Trying to decide between buying new car and buying used can be difficult. I bought my first — and probably last — new car a little over two and a half years ago. I paid around $22,000 for my 2008 Mazdaspeed 3 in the fall of 2007. At the time I was living in a neighborhood where my car was stolen twice in less than three years, so I threw in a LoJack security system. Because the new car has a turbo, and I’ve often been warned about the expense of replacing them, I bought an extended warranty as well. My grand total after taxes, tag, title, gap insurance and everything else was $27,870.
Now comes the painful part. If I sold my car today to a private party today, Kelley Blue Book tells me I could expect to get, at the most, $17,705 for it. That’s over $10,000 total I’ve lost on my car already, and trust me, that’s a painful amount. For you math lovers out there, that averages out to about $300 per month that I’ve essentially traded for the privilege of driving a clean, fast new car with all the latest safety features and no repair hassles to worry about.
As I’ve mentioned before on this blog, we’re now a one-car family, which makes vehicle reliability VERY important to us, but even considering the trouble-free life of the car so far and the fun I’ve had driving it, I don’t know if I’d buy a new car again. The numbers are just stunning when you think about them. Kelley Blue Book says that the average new car loses 65 percent of its value to depreciation after four years. I mean, imagine if a Realtor was showing you a house in Florida in 2006 and because he was both clairvoyant and unusually honest, he told you that without a shadow of a doubt, the house you were looking at would lose 65 percent of its value in four years. You’d get the heck out of there and go rent, right? And yet many people make this same decision with cars every few years.

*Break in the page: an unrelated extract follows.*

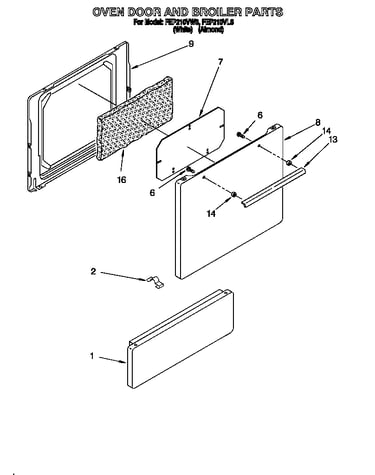 Oven door and broiler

The alternative tactic I’ll probably take next time is buying a used car of a reliable make and model. There are just very few downsides to buying your transportation this way. For one thing, our resident rate guru Greg McBride says used car loans aren’t any harder to get than your average new car loan. Sure, you’ll pay a few extra points of interest to cover the risk that your used car will break down and become worthless and unable to secure the loan, but he says the amount you’ll pay in extra interest is miniscule compared to the savings you’ll get from some other schmuck taking the depreciation hit for you. You won’t get the latest sheet metal or technology, but are those kind of creature comforts worth hundreds of dollars a month in burned up wealth? It depends on your situation, I guess, but for me, the answer is probably no.
Are you a new-car buyer or a used-car buyer?